Records for the task >>

#####

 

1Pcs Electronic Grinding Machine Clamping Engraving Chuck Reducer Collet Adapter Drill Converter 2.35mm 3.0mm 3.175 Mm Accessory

#####

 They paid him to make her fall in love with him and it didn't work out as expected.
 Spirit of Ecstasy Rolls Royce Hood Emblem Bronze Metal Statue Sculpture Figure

#####

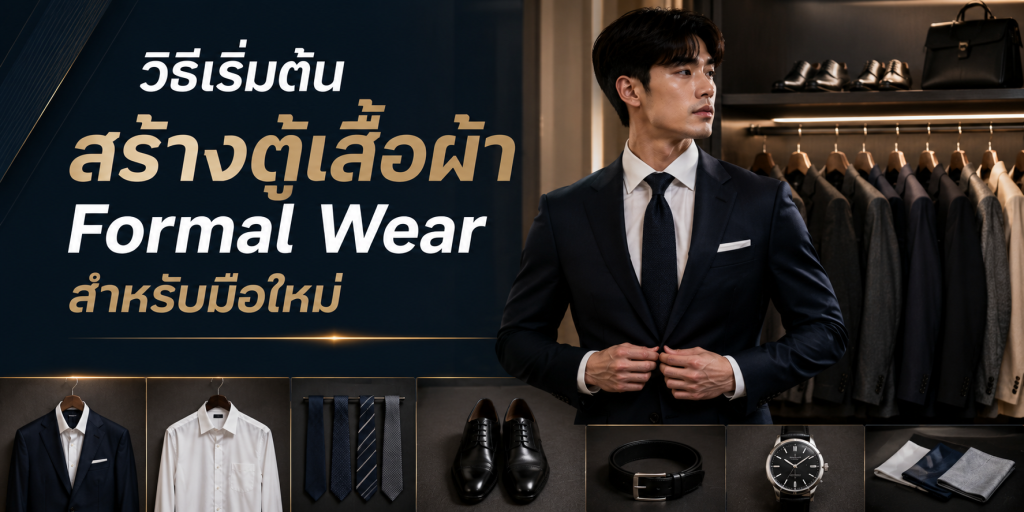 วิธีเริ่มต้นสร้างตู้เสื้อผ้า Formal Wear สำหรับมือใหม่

#####

Your goal >> Reprint exactly the lines above that start at the one with "They paid him" and end at the one with "Spirit of Ecstasy", keeping both and adding none.

Response area >>
 They paid him to make her fall in love with him and it didn't work out as expected.
 Spirit of Ecstasy Rolls Royce Hood Emblem Bronze Metal Statue Sculpture Figure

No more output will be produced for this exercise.